Les chefs des trois communautés innues du Regroupe Petapan (Mashteuiatsh au lac Saint-Jean, Essipit et Nutashkuan sur la Côte-Nord) ont fait le voyage jusqu’à l’Assemblée nationale mardi pour demander à Québec de « revenir à la table de négociation » pour la conclusion de leur Paix des braves moderne. Ils étaient accompagnés de députés du Parti libéral du Québec, de Québec solidaire et du Parti québécois.

Les Innus réagissaient aux propos du premier ministre qui a affirmé à la mi-mai qu’il craignait que le traité Petapan cède aux autochtones « un droit de veto » sur le développement de projets économiques. François Legault s’est aussi dit inquiet de la notion du droit inhérent à l’autodétermination, un enjeu qui n’est toujours pas réglé, et qui pourrait rendre divisible le territoire québécois, selon lui.

« Actuellement, les avocats du gouvernement qui sont là-dedans […] nous disent que ce qui est proposé comme traité pourrait donner un droit de veto et rendre le territoire divisible », a expliqué le premier ministre à la veille du congrès de la CAQ à Sherbrooke. Il a expliqué en ce sens qu’il voulait demeurer « prudent comme tous les gouvernements avant » lui, mais que l’intention est toujours de s’entendre avec les Innus.

D’ailleurs, une motion réitérant « l’importance de conclure une telle entente » avec les Innus et demandant au gouvernement Legault de « poursuivre les négociations accélérées afin de parvenir à un accord dans les plus brefs délais » a été adoptée mardi à l’unanimité. Les élus caquistes ont voté en faveur du texte présenté par le député libéral André A. Morin conjointement avec l’opposition.

En attente d’une contre-proposition

« D’avoir parlé d’une seule voix, je trouve ça extraordinaire », s’est réjoui M. Dominique en évoquant la motion. Ce dernier dit maintenant s’attendre à ce que le traité « soit réglé dans les plus brefs délais ». Les chefs autochtones attendent depuis le 31 mars la contre-proposition du gouvernement Legault et n’ont toujours aucune idée du nouvel échéancier des négociations.

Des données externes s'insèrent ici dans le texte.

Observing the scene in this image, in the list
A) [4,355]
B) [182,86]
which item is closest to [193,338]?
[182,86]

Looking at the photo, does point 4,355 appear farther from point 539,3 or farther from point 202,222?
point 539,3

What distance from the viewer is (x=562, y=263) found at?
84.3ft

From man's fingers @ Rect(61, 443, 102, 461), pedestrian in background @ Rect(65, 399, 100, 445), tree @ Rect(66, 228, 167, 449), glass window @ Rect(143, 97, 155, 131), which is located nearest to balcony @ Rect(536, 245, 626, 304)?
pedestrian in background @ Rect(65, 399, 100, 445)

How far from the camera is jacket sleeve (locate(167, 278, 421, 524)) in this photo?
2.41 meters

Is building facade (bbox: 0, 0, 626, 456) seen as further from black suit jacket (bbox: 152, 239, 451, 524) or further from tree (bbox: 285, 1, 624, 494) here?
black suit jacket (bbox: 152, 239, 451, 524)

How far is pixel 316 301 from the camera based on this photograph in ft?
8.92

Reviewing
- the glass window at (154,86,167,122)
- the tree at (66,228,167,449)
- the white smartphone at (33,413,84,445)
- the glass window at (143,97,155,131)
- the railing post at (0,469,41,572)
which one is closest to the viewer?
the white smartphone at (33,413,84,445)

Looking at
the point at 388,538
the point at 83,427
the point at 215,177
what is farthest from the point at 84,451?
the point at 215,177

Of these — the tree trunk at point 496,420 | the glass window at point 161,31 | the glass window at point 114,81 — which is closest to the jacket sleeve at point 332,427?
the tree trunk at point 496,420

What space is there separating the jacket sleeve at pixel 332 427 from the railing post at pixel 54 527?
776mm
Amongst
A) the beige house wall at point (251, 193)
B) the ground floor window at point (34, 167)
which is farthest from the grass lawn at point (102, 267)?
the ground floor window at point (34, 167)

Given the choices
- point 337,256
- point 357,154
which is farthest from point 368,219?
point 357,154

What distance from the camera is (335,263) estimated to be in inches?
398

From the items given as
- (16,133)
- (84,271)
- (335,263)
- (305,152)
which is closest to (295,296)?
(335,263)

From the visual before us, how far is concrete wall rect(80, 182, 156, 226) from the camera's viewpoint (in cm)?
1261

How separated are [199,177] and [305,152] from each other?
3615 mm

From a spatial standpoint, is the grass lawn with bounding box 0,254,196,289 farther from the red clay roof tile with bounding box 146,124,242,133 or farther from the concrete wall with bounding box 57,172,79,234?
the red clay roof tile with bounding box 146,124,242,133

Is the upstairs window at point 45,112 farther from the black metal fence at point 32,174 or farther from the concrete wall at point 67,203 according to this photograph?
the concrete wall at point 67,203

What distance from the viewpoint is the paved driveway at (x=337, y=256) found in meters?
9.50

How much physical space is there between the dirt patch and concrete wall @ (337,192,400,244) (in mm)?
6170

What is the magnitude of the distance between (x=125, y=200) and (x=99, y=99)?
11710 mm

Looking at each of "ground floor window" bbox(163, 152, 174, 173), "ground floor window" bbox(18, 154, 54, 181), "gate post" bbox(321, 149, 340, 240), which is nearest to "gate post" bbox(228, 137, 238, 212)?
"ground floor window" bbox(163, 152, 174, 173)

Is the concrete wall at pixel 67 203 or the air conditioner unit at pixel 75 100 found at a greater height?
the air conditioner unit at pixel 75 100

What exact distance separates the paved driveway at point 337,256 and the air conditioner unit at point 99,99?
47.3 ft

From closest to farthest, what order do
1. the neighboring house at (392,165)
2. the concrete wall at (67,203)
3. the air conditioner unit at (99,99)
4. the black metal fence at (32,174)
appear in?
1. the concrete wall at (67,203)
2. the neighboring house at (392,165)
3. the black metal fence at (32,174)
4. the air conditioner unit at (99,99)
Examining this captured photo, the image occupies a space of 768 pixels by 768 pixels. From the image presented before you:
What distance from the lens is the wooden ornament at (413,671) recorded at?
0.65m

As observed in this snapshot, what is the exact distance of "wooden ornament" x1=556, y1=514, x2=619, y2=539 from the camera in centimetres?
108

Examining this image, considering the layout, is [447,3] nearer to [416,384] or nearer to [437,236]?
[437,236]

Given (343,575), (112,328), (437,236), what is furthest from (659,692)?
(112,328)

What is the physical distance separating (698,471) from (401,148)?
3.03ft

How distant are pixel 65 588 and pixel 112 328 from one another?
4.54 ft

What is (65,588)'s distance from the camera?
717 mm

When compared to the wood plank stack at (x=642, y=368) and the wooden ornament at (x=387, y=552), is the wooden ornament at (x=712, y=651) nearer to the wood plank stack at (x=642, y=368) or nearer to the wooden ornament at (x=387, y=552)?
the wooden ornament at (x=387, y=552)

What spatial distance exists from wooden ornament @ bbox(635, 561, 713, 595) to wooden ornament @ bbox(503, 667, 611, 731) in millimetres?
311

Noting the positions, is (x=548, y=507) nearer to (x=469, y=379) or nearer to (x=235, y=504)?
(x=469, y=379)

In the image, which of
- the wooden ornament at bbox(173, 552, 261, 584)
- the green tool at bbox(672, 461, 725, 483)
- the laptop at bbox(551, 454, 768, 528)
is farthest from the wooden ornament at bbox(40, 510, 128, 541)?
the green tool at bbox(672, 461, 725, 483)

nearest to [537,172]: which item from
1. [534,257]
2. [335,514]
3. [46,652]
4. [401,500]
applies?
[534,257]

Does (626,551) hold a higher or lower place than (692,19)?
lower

M. Legault n’était pas présent lors du vote sur la motion. Son cabinet a précisé que le premier ministre quitte « toujours [le Salon bleu] une fois la période de questions terminée, sauf lorsqu’il présente des motions à titre de premier ministre ou qu’il y a des votes reportés ».

En l’absence de nouvelles, les chefs innus ont monté le ton d’un cran en mai dernier. La Presse rapportait que les trois communautés pourraient entreprendre des poursuites judiciaires contre les grandes entreprises qui exploitent les terres ancestrales si le « silence » du gouvernement Legault persiste. Rio Tinto et Produits forestiers Résolu ont notamment été informées que Mashteuiatsh suspendait les négociations.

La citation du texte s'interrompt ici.